Guidebooks, or even chapters, on Papua New Guinea aren’t numerous. Those my husband, Gene, and I read take pains to reassure travelers on safety issues, but in the capital of Port Moresby, our first stop, we discover the residents of the city don’t share that view. They lock themselves in behind razor wire at night. Only the occasional thief of victim walks the deserted streets then. Why is it so dangerous? High unemployment. Poverty. An inept police force. A breakdown in traditional culture. Has all that happened since the guidebook was written? Besides, wouldn’t a breakdown in a culture that traditionally featured head hunting and cannibalism be a good thing? Not that anyone ever mentions those aspects of the past.
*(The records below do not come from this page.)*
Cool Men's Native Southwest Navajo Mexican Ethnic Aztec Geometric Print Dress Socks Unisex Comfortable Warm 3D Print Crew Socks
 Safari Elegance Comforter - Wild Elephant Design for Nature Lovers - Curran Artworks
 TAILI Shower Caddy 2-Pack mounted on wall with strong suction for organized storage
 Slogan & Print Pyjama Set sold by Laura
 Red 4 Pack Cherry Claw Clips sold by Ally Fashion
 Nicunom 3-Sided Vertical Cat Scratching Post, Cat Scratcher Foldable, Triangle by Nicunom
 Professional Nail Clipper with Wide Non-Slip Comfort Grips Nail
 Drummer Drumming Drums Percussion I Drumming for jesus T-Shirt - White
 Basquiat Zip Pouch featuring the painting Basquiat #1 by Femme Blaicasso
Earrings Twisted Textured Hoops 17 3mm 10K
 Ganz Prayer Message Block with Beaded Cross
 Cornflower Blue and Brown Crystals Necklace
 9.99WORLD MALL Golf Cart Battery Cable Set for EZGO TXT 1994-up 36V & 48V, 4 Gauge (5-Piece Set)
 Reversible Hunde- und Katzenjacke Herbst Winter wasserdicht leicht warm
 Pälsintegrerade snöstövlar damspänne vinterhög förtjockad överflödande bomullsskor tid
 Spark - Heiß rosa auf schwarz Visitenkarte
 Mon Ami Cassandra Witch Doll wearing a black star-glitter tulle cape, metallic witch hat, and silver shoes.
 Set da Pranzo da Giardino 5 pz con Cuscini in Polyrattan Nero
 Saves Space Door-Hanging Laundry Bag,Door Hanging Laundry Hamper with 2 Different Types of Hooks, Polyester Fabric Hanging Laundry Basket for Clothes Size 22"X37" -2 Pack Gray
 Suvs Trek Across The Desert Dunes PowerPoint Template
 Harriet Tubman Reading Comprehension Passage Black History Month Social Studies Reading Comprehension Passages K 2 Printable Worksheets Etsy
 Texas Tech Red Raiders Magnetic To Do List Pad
Next on our schedule is Tari, in a remote area of the highlands, the mountains that run down the middle of the island. The highlands are accessible primarily by air. An hour before our flight from Port Moresby is due to leave for Tari, we’re in line at the airport. The three people ahead of us are barefoot. Instead of luggage, they check in cardboard boxes, plastic bags, and a large cook pot. Then it is our turn. We present our tickets. The airline employee says he can’t issue us boarding passes. The little prop plane is already overweight. This isn’t something I fretted about in advance since we’re traveling light. It’s the people who checked in ahead of us who aren’t. I feel like I’ve been bumped by a cook pot.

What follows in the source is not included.